Firstly, when looking for service status in the Telstra App – I found the very handy troubleshooting tool which identified that I indeed had line fault (ruling out several other possible causes including billing issues) and advised me to call customer service with a reference number. After the obligatory phone hold time – where I was encouraged/urged/nearly tricked into hanging up to use the online troubleshooting (see the potential never ending circle here?), I finally made it to Level 1 support where we started from scratch (with obviously no record of the troubleshooting already confirmed and linked to account). Unfortunately our attempts to troubleshoot were thwarted by scheduled maintenance occurring at the same time and after I hung up promising to call back (they weren’t keen on my offer to for them call me back), the job was dutifully closed and marked up as an issue caused by scheduled maintenance.
On discovering that (alas!) my issue was not caused scheduled maintenance, I then availed myself of the next great initiative designed to improve my customer service experience – Click To Call Telstra, where one click would elicit a return call within 45 minutes – preferable with my original customer service agent. One click – one simple response “Sorry! We are unable to schedule a call back. Please contact Telstra”. Back to the ground zero of hold music and helpful txt messages about the troubleshooting I went.
More success this time – passing the level 1 qualification criteria (you know the turn off/on, check the plugs steps we did with the online troubleshooting) to reach level 2 where aside from needing to repeat the online and level 1 troubleshooting, we have the additional step of a modem reset (if only I’d kept that factory password somewhere). Indeed it is deemed after 70mins, I do appear to have a line fault (isn’t that what the online troubleshooting hinted at?) and I have achieved the holy grail – an appointment with a technician at a time of their convenience sometime on Friday (please be home to let them in).
Success at last – I’m prepared to stay on the line to provide my feedback and after careful consideration decide that as I still don’t have an internet connection, I’ll press 2 to indicate my issue is still unresolved.

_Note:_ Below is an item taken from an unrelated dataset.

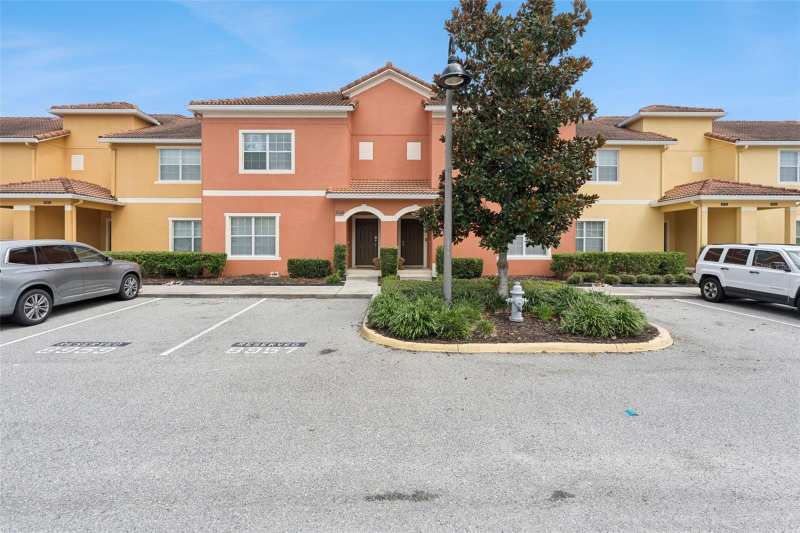 4 bedroom Townhouse at 8957 Cat Palm Road, Paradise Palms Resort Ph 1, Kissimmee — photo 1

There was a slight pause from the auto woman before she carefully responded “I’m sorry. We are currently experiencing technical difficulties”.
It’s a shame that a technology company can’t harness the essence of the business that it leads – and understand that properly integrated technology solutions (like the online troubleshooting that could do the heavy lifting of level 1 support, or empowerment of the twitterbots to be part of the support chain) that ultimately improve the customer experience. After all, doesn’t a good customer experience led to trust that builds reputation?
Just as well I have a good book tonight – Marseille on Netflix wasn’t holding my attention.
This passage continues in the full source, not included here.